One of the more common complaints we as family law lawyers hear is with respect to post-secondary expenses.
Confusion soars the first time a divorcing parent hears that the law obligates them to contribute to their child’s post-secondary expenses. Quite understandably so when one considers that there is absolutely nothing that stops parents in in-tact marriages from opting not to assist with such expenses aside from helping their child fill out their student-loan applications. There is no law against that; that is simply the exercise of autonomy in one’s role as a parent. And socially-speaking, it is fairly well-accepted that limiting financial assistance in this way has value in terms of teaching responsibility, hard-work and accountability in children nearing adulthood.
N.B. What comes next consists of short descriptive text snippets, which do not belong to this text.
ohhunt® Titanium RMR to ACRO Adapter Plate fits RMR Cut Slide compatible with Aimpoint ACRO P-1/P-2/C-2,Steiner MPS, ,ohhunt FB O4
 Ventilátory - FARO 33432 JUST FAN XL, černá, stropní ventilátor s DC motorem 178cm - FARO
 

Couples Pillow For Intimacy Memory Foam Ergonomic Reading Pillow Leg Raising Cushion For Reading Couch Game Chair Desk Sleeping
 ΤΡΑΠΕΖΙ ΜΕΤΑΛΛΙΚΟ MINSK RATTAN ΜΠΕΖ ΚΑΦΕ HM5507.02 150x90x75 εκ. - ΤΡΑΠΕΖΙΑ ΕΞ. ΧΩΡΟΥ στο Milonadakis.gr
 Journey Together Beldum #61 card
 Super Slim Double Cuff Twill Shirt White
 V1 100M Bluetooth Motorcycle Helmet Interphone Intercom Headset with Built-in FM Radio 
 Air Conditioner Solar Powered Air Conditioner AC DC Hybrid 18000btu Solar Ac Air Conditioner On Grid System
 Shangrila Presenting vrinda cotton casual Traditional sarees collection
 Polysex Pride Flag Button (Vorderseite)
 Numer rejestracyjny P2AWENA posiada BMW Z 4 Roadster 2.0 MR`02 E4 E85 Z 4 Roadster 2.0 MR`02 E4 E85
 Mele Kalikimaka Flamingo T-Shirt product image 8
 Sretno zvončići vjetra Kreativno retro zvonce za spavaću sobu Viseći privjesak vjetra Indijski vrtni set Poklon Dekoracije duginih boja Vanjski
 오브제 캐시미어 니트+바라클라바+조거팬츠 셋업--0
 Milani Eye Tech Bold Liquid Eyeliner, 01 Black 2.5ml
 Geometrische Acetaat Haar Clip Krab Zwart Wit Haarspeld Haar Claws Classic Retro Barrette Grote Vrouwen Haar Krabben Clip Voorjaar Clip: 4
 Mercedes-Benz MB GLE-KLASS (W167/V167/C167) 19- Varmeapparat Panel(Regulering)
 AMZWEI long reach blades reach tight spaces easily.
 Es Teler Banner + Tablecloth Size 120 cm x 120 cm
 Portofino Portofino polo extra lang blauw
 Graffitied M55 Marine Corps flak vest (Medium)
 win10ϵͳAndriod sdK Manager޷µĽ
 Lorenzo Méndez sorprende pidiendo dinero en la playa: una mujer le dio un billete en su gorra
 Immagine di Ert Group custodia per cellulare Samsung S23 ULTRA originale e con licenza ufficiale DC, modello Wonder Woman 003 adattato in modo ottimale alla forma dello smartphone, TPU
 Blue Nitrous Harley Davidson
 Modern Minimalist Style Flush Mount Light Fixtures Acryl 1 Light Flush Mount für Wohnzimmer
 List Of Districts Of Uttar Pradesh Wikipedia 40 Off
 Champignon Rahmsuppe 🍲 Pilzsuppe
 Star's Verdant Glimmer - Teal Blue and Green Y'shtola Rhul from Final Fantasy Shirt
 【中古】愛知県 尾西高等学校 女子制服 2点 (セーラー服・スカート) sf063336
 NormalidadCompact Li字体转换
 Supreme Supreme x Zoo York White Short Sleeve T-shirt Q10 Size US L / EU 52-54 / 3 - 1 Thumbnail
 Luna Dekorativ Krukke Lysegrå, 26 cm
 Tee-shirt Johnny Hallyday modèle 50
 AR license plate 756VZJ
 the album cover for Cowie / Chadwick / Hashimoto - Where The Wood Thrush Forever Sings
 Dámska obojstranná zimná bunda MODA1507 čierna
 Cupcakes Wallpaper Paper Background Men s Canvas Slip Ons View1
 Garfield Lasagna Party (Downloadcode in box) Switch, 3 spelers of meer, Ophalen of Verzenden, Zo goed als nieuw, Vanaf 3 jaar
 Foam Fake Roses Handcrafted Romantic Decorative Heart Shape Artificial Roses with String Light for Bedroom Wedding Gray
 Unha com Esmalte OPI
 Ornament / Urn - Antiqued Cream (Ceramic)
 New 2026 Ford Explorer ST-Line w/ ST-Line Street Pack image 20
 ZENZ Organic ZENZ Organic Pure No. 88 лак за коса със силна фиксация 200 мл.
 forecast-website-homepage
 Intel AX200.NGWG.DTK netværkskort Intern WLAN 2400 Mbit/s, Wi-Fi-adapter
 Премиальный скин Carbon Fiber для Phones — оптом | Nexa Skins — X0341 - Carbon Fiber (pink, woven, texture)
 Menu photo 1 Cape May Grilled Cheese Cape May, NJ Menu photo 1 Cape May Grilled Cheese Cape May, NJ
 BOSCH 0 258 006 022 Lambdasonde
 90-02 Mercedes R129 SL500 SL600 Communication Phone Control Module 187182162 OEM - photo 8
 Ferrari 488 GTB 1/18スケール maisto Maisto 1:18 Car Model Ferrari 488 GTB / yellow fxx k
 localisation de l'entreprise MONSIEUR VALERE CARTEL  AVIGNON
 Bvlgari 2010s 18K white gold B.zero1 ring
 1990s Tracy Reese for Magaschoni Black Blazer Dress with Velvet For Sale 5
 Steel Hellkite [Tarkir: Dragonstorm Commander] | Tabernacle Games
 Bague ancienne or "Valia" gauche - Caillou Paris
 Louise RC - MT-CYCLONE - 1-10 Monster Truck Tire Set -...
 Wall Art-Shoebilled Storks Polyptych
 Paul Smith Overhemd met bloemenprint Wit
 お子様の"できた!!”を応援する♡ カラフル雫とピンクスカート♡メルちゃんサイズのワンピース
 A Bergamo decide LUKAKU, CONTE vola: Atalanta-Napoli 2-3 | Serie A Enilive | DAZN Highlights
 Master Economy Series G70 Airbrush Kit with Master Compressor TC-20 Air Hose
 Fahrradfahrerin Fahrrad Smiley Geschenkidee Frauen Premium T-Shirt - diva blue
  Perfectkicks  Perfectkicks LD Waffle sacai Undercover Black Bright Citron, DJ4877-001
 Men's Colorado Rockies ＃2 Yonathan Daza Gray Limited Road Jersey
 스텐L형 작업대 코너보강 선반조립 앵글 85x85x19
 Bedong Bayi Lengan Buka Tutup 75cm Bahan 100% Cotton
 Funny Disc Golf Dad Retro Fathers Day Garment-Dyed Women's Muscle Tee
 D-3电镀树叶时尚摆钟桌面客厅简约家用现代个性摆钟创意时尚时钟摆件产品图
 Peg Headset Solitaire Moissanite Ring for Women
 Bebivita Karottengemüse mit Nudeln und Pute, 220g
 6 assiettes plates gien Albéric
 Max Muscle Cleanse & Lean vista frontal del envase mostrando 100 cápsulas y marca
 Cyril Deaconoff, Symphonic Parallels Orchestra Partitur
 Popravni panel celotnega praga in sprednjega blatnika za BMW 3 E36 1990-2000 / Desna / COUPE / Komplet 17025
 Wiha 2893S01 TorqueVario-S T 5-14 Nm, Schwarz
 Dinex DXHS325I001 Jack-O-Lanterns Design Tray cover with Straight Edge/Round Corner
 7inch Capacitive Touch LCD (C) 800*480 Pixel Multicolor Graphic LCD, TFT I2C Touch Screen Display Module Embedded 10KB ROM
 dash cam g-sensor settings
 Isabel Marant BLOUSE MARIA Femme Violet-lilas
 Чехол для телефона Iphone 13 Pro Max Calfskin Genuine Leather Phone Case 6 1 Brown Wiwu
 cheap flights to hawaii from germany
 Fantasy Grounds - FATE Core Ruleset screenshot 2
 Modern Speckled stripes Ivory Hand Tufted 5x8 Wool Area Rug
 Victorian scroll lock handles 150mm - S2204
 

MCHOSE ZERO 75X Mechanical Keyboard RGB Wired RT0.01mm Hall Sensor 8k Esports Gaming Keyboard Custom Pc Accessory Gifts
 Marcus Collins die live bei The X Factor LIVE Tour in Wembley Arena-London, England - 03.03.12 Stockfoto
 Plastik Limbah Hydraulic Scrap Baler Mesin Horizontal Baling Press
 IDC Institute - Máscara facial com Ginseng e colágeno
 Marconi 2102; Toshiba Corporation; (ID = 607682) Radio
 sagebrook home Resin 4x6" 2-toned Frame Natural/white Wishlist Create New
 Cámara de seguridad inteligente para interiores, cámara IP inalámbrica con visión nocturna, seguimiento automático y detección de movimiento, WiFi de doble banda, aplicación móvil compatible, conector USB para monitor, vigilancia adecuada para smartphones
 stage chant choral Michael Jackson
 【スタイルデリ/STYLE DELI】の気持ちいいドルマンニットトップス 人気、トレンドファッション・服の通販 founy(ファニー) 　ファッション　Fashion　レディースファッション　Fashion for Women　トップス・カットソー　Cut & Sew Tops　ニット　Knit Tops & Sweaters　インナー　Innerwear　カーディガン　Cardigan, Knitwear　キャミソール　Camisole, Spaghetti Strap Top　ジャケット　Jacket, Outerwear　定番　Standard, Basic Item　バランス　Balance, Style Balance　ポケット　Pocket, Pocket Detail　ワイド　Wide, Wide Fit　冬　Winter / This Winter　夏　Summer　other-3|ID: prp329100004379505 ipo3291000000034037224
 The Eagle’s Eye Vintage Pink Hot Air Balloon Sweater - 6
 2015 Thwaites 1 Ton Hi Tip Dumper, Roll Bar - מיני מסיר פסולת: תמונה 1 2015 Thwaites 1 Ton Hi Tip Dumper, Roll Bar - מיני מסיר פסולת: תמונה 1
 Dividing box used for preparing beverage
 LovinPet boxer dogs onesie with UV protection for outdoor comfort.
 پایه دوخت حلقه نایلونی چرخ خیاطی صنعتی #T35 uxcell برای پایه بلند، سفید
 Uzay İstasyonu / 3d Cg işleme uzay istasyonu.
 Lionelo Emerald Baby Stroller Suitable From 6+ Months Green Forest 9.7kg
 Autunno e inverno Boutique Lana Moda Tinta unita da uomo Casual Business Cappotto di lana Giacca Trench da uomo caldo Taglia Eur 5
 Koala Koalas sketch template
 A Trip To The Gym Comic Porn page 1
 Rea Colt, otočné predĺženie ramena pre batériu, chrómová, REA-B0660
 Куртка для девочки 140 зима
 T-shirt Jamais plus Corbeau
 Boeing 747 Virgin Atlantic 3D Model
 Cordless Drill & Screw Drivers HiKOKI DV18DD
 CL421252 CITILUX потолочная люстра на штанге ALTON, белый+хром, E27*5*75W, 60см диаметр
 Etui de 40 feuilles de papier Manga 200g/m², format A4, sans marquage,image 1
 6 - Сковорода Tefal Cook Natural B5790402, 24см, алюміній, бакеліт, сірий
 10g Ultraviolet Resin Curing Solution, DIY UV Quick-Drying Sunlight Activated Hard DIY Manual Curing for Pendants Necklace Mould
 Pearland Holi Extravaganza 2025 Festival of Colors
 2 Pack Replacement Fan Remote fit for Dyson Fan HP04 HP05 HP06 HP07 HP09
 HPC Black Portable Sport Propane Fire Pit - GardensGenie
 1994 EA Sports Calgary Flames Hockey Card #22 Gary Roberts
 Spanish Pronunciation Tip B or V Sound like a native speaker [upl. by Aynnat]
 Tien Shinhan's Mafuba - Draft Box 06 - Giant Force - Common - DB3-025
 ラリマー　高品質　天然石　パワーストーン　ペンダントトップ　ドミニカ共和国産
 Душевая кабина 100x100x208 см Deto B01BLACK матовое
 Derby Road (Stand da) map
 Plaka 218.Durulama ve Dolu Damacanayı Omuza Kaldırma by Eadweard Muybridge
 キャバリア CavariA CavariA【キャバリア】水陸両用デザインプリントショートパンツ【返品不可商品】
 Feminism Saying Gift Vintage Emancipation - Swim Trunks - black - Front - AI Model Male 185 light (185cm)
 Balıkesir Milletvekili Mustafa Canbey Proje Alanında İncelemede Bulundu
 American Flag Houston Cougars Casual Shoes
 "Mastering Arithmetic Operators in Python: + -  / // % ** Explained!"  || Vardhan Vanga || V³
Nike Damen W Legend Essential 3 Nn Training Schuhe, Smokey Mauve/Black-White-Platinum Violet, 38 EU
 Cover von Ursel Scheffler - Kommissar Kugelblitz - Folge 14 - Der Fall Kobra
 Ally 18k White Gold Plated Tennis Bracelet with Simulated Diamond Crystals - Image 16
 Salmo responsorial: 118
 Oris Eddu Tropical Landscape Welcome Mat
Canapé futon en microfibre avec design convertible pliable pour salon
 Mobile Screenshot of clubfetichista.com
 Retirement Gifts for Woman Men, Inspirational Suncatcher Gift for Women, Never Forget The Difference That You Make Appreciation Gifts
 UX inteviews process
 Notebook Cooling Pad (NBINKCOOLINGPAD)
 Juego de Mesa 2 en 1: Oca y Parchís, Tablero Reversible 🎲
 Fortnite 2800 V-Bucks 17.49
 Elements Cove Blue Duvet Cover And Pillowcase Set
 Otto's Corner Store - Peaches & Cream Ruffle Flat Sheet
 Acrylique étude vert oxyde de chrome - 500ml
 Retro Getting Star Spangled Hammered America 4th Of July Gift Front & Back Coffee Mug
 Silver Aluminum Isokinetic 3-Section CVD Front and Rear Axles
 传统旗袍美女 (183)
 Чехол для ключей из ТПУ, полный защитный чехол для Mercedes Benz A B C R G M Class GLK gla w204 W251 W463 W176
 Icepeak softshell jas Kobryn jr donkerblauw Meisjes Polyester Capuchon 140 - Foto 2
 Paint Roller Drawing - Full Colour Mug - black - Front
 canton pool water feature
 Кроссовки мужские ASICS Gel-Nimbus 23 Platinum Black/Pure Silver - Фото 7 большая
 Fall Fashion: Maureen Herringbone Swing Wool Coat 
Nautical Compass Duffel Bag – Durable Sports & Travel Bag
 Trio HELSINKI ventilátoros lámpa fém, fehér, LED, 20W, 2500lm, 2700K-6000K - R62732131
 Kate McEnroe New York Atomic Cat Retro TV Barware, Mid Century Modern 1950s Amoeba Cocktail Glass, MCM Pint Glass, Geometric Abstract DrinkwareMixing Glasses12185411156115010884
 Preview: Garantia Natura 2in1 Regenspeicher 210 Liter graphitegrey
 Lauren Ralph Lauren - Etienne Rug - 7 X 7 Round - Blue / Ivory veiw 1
Once divorced, that is no longer an expression of parenting autonomy that is legally permitted. On the contrary, section 7(e) of the Federal Child Support Guidelines specifically includes “expenses for post-secondary education”, which are usually (but not always) shared by divorced parents in proportion (pro rata) to their respective “Guideline incomes”. It is generally accepted that such expenses include tuition and other mandatory school fees and books. Residence costs can be dealt with differently, depending on whether the child is living at home with one parent during post-secondary studies or in alternate accommodations.
Some parties may take the position that they never had any intention of assisting their child with post-secondary expenses during the marriage, but the reality is that unless both parents agree otherwise the Federal Guidelines will likely rule the day.
Beyond that, there is also a second inconsistency in the law surrounding child support for children who have graduated from high school. There is a legislative difference between child support owing for children born to married parents, and children born to unmarried parents (i.e. common law, or otherwise). While the basic principles are the same, the major difference is that pursuant to the Divorce Act (Federal legislation, which applies to married couples) and case law precedent, child support is generally payable to the end of a child’s first four-year post-secondary degree, while pursuant to Alberta’s Family Law Act (Provincial legislation, which applies to unmarried couples) a child engaged in post-secondary studies but who is otherwise capable of withdrawing from parental care can be cut off after age 22. That is, there is no obligation on either parent to support a child who is older than 22 years old and in post-secondary studies so long as the child is not incapable of “withdrawing from parental charge” from reasons apart from his/her studies.
Sure, many kids go direct to college/university from high school and will have completed a 4-year degree by the time they turn 22 years old. However, many kids also take some time after high school to consider what it is they truly want to do with the rest of their lives, instead of wandering aimlessly through what can turn into a 4+ year very expensive venture that began with “general studies”. Children of married/divorced parents have the ability to do that, and thereby resume “child of the marriage” status triggering the obligation to support, when they do decide to return to school. It strikes me as incredibly unfair that some kids are treated differently in this respect, just because their parents happen to not have married one another. Perhaps there is a need for legislative change, but either way these examples illustrate the complexities of all of the various ways in which family law operates, and operates differently in different circumstances.
If you are newly separated and your children are approaching university age, you would be well-advised to get timely advice as to the ways you will be affected and the obligations that have been triggered.